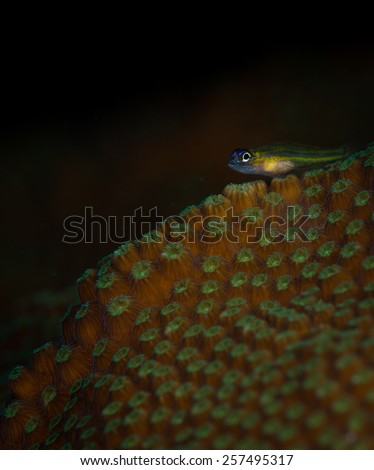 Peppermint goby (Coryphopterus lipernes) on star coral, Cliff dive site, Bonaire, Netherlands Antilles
==
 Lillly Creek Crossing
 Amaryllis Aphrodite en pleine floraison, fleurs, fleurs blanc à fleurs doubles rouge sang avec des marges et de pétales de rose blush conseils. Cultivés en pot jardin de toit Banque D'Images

> _Task objective_:
After locating the line holding "Lillly Creek Crossing" above, output exactly that line and every line after it through the line holding "Amaryllis Aphrodite en". Include nothing else.

> _Response to this task_:
 Lillly Creek Crossing
 Amaryllis Aphrodite en pleine floraison, fleurs, fleurs blanc à fleurs doubles rouge sang avec des marges et de pétales de rose blush conseils. Cultivés en pot jardin de toit Banque D'Images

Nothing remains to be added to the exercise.